If you're not listing to the Appetite 4 Production podcast than you're missing out on something awesome. Helmed by music tech journos James (Computer Music mag) & Tim (Future Music), they rattle through the week's music tech news at a breakneck speed, frequently stopping for puns and piss-taking. Highly recommended for those who need to know about plugins and music technology but don't want to be bored to death.

Listen here, on SoundCloud, on Spotify, or via your favourite podcast client like iTunes, Podcast Addict, Pocket Casts & Overcast.


----------



## reutunes (Jul 16, 2019)

NB... I've just sponsored them on Patreon too. Just a couple of dollars but every little helps.


----------



## Jonas Hallstrom (Jan 26, 2020)

+1
It's pretty great! I like their live reviews of plugins and VIs.


----------



## Jon W (Jan 26, 2020)

Hilarious!


----------



## tav.one (Jan 27, 2020)

Link to PocketCasts - https://pca.st/1D24


----------



## reutunes (Jan 27, 2020)

They've just released their NAMM episode which joyously skewers many of the announcements whilst still being superbly informative. Ten out of ten.


----------



## Fever Phoenix (Jan 27, 2020)

reutunes said:


> May I recommend what I think is the funniest music tech podcast in the world...
> 
> If you're not listing to the Appetite 4 Production podcast than you're missing out on something awesome. Helmed by music tech journos James (Computer Music mag) & Tim (Future Music), they rattle through the week's music tech news at a breakneck speed, frequently stopping for puns and piss-taking. Highly recommended for those who need to know about plugins and music technology but don't want to be bored to death.
> 
> Listen here, on SoundCloud, on Spotify, or via your favourite podcast client like iTunes, Podcast Addict, Pocket Casts & Overcast.
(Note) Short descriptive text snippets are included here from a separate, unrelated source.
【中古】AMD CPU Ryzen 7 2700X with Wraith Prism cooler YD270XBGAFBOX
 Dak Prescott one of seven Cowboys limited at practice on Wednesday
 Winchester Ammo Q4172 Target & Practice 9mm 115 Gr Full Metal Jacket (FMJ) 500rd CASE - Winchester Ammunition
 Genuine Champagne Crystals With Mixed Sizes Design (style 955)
thx for the recommendation!


----------



## davidson (Feb 20, 2020)

Fantastic podcast along with the most honest reviews you'll come across. If something smells fishy, Tim and James hilariously rip into it. I never realised journos could actually cut the bullsh!t yet still work in the industry 

Brilliantly entertaining stuff, and all for 0 clams per episode!


----------